Are you insane??? How is this in any way acceptable? I asked for a carrot nose, you butcher- a carrot nose. Have you ever seen a carrot before? Shut up- that was a trick question. I can tell you haven't seen a carrot before because if you had, I would have one for a nose. Instead I have this... thing. What is this thing even? It looks like... like I don't even know... some sort of inverted walnut shell or something. You know what? It doesn't matter what it is, because I know what it is not, and it is not a carrot-nose!

This nose... this nose is so far off base that it's not even wrong. It would have been better if you had just removed my nose entirely. A lot of snowmen don't have noses, so that way people wouldn't have thought twice about it.

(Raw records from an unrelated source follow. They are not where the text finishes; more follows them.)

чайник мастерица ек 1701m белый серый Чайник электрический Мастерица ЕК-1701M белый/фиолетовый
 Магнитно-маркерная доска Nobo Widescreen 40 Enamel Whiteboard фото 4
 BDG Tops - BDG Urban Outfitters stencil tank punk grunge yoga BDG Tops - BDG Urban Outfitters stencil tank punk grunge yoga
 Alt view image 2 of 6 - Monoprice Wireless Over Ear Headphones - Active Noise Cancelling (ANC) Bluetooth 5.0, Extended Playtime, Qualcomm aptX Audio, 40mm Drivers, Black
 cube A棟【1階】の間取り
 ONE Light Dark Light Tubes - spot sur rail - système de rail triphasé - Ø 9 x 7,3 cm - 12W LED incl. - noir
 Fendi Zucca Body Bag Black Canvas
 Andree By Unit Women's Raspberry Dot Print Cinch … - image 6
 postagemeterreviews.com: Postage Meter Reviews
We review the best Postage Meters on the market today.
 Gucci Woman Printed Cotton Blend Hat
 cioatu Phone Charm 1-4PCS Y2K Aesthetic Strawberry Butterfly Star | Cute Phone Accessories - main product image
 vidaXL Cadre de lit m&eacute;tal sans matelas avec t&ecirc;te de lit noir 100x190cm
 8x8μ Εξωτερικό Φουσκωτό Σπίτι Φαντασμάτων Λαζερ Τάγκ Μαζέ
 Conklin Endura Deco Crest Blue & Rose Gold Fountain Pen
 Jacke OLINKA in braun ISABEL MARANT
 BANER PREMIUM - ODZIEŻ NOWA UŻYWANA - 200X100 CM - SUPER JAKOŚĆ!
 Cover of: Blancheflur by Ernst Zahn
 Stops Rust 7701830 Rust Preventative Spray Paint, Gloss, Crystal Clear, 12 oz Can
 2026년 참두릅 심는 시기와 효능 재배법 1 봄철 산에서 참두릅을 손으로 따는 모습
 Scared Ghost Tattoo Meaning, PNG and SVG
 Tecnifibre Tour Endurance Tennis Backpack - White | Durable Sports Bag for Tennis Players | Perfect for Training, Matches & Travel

That having been said, it is understood in snowmen culture that if you are going to have a nose, you have two options. The first, is a piece of coal. This is a very practical nose, in that one coal nose will last forever. However, it is not very stylish. This is the sort of nose that my Uncle Wilt or perhaps my Grandmother would wear. They lived through the depression, so that's okay. I don't fault them for wanting nasal security. The second kind of nose that snowmen wear is a carrot. This is a flashier nose, the sort that celebrities like Snowen Wilson and Flake Busey wear. It is a luxury nose. You see, carrots aren't as practical as coal- they attract squirrels, will rot and deform if not properly cared for, and may get knocked off in a heavy breeze. Even if properly cared for, carrot noses need to be regularly replaced, which can become costly over time.

Why, then, might a blue-collar snowman such as myself want a carrot nose? What could possibly make a root vegetable so alluring as a piece of facialwear that I would pawn my corncob pipe to pay for it? Why on earth would I want a carrot nose so badly that I would be willing to undergo the psychological stress of waking up one day to see a face that was drastically different from the day before staring back at me in my shaving mirror? What could motivate a snowman to do something so impractical? There must be some reason, right? I'm not crazy, so what could it be?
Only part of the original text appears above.